A little air pocket of silence opens between them, then shuts again.
“Daddy,” Annah says, “tip me.”
Conor grasps her and tips her over, and Annah gives out a little pleased shriek. Then he rights her again.
“I wonder,” Janet says, “if she isn’t getting a little old for that.”
“Are you getting too old for this, Annie?” Annah shakes her head. “She’s only five.” Conor tips her again. Annah shrieks again, and when she does, Janet drops the section of the newspaper that she’s reading and lies backward on the floor, until her head is propped on her arm, and she can watch Conor.
“Mom!” Joe shouts from the corner. “The plutonium creatures are winning!”
“Fight back,” Janet instructs. “Show ’em what you’ve got.” She reaches out and touches Conor on the thigh. “Honey,” she says, “you can’t impress everybody. You impress me sometimes. You just didn’t impress Merilyn. No one did. Marriage didn’t. What’s wrong with a beautiful woman wanting to live alone? It’s her beauty. She can keep it to herself if she wants to.”
Conor shrugs. He’s not in the mood to argue about this. “It’s funny to think of her in town, that’s all.”
“No, it’s not. It’s only funny,” Janet says, “to think of her in town if you still love her, and I’d say that if you still love her, after fourteen years, then you’re a damn fool, and I don’t want to hear about it. It’s Jeremy, not you, who could use some attention from Merilyn. It’s his to get, being her son and all. She left him more than she left you. But I’ll be damned if I’m going to go on with this conversation one further sentence more.”
Both Annah and Joe have stopped their playing to listen. They are not watching their parents, but their heads are raised, like forest animals who can smell smoke nearby.
“All I ever wanted from her was a reason,” Conor says. “I just got tired of all that enigmatic shit.”
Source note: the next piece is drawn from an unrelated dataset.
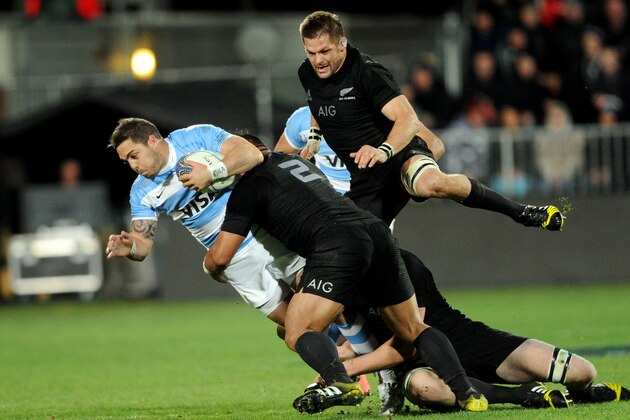 Argentina’s Facundo Isa tackled by New Zealand’s Keven Mealamu with Richie McCaw, right, during their rugby test match in Christchurch, New Zealand, Friday, July 17, 2015. (AP Photo/SNPA, Ross Setford)  **NEW ZEALAND OUT**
“Hey,” Janet says, “I told you about that one further sentence.” Annah gets out of her father’s lap and snuggles next to Janet. “All right,” Janet says. “Listen. Listen to this. Here’s something I never told you. One night Merilyn and I were working the same station, we were both in pediatrics that night, third floor, it was a quiet night, not many sick kids that week. And, you know, we started talking. Nursing stuff, women stuff. And Merilyn sort of got going.”
“About what?”
“About you, dummy, she got going about you. Herself and you. She said you two had gone bowling. You’d dressed in your rags and gone off to Colonial Lanes, the both of you, and you’d been bowling, and she’d thrown the ball down the lane and turned around and you were looking at her, appreciating her, and of course all the other men in the bowling alley were looking at her, too, and what was bothering her was that you were looking at her the way they did, sort of a leer, I guess, as if you didn’t know her, as if you weren’t married to her. Who could blame you? She looked like a cover girl or something. Perfect this, perfect that, she was perfect all over, it would make anybody sweat. So she said she had a sore thumb and wanted to go home. You were staring at your wife the way a man looks at a woman walking by in the street. Boy, how she hated that, that guy stuff. You went back home, it was cold, a cold blister night, she got you into bed, she made love to you, she threw herself into it, and then in the dark you were your usual gladsome self, and you know what you did?”